While primary deduplication is not yet as common as deduplication for backup, it's rapidly becoming a feature built...
into storage arrays -- and one that customers are looking for.
The focus on deduplication is shifting from backup appliances to primary storage arrays, driven by the rise of virtual machines (VMs), virtual desktops and solid-state storage. Porting data reduction technology to primary storage proved difficult. NetApp Inc. has had primary dedupe since 2007 and Nimble Storage Inc. has used compression since the company came out of stealth in 2010. In the past year, vendors such as Dell Inc., EMC Corp. and Hitachi Data Systems have added deduplication to one or more of their storage platforms.

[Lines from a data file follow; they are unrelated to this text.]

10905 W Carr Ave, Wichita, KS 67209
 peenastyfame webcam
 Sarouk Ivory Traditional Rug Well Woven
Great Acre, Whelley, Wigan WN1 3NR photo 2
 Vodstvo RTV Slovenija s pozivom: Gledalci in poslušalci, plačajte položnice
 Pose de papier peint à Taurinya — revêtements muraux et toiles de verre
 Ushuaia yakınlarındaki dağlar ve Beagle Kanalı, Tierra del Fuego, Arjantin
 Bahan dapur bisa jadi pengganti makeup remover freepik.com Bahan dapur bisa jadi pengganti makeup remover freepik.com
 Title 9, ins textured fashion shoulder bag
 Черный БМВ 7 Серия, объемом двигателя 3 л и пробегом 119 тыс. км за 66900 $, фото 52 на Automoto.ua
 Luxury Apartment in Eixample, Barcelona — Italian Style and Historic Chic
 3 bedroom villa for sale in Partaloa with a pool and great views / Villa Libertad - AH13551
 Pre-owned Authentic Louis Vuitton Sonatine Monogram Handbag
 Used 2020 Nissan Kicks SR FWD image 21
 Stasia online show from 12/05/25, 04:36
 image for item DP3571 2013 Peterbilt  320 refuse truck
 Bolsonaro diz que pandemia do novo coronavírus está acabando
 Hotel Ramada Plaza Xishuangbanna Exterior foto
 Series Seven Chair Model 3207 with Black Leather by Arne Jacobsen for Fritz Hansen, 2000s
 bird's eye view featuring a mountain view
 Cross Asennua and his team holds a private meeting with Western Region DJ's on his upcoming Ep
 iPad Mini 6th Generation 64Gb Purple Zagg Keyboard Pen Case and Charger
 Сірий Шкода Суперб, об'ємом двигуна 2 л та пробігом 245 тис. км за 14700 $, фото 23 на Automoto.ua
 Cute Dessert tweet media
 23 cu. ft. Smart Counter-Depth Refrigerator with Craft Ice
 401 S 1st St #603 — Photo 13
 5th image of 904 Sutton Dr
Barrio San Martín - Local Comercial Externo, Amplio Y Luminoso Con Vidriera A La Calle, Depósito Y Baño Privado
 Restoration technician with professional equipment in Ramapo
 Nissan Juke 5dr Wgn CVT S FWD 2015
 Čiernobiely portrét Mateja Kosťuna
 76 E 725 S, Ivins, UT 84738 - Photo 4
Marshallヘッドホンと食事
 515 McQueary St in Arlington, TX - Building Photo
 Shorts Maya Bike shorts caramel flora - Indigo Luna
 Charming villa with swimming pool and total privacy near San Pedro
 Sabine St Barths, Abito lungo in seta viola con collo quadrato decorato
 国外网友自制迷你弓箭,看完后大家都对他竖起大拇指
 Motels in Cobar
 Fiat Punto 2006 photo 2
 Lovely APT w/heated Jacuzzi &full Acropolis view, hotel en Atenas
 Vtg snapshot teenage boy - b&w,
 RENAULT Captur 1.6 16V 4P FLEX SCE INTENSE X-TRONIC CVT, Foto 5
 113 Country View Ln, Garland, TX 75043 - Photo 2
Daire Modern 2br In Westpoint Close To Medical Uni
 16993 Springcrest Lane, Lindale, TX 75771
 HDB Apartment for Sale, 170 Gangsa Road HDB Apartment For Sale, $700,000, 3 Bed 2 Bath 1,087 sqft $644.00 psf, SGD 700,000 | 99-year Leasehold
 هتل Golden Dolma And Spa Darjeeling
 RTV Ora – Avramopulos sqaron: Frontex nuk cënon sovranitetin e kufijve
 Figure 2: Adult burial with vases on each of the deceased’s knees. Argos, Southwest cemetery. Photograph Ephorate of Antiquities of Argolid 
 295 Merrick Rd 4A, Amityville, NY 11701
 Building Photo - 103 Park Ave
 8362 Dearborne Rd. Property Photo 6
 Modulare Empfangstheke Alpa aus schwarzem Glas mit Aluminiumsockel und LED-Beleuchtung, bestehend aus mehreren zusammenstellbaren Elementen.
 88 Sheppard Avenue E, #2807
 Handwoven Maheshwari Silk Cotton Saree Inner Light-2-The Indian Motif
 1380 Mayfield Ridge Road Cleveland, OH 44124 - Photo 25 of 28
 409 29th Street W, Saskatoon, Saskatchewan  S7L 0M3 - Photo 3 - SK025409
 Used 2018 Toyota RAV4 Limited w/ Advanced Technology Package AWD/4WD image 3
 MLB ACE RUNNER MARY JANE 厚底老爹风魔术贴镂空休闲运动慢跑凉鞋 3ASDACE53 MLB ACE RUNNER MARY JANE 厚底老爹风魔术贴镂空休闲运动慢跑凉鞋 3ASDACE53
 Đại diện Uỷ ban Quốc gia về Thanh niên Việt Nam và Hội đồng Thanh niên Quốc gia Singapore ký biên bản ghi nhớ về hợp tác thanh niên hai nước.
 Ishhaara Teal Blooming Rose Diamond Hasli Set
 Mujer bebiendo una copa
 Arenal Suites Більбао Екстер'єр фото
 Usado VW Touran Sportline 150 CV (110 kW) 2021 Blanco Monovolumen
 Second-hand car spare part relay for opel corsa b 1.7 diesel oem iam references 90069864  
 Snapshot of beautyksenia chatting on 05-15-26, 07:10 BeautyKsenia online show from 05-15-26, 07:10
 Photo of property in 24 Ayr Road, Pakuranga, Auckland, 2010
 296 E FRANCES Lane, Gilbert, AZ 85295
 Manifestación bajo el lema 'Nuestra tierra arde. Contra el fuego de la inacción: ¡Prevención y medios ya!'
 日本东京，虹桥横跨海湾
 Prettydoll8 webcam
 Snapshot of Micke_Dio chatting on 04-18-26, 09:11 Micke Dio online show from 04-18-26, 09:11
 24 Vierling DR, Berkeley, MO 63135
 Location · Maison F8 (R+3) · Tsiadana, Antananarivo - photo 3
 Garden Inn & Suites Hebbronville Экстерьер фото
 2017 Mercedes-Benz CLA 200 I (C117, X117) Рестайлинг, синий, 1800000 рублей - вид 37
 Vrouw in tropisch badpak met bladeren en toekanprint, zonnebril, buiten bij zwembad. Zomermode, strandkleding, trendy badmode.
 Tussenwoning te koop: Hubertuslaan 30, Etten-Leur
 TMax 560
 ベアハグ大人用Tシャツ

"It's becoming a competitive feature, and it's not an easy feature to put in," said Leah Schoeb, senior partner at Boulder, Colo.-based analyst firm Evaluator Group.
But it's a feature storage admins are increasingly relying on. Offering arrays with deduplication built in allows a customer to buy less capacity and curb overprovisioning.
"Customers are space-constrained, and [deduplication] translates into less space and less energy consumption," said David Noy, senior director of product management for EMC Isilon. EMC added its SmartDedupe primary deduplication feature to Isilon network-attached storage arrays in October 2013, and about one-third of the nodes or clusters that have been upgraded since then are using it, Noy said.
Because of commonalities between VMs -- which often run the same operating system -- dedupe can greatly reduce their storage footprint by eliminating redundancy. Dedupe also improves performance with VMs by allowing more storage blocks to be cached to memory.
The same goes for a virtual desktop infrastructure, where as much as 90% of the information stored on the virtual desktops is duplicated data. Deduplication -- particularly when done inline -- can greatly reduce that footprint.
Solid-state at the forefront
The increased use of expensive solid-state drives (SSDs) also makes dedupe more beneficial. When looking at storage from a cost-per-gigabyte perspective, its lower capacity and higher price puts SSD at the high end of the spectrum. Dedupe helps drive the cost per gigabyte down, while freeing up capacity on high-performing drives.
"The initial driver was to be able to not only extend the life of NAND flash technology so you can have the product longer and get longer warranties, but because for so long NAND flash had been more expensive -- they wanted to make sure they were getting the most use out of the capacity," Evaluator Group's Schoeb said.
According to Marc Staimer, president of Beaverton, Ore.-based Dragon Slayer Consulting, dedupe will become the norm among arrays containing SSDs.
"Almost every startup that's doing hybrid or full SSD is doing dedupe," Staimer said. EMC's XtremIO all-flash array includes inline deduplication, and startups SolidFire, Pure Storage and Nimbus Data have offered deduplication and compression in their arrays from the start.
"I do think [deduplication] is a trend, and that it's here to stay. And I think vendors that don't offer it yet are trying to figure it out," Evaluator Group's Schoeb said.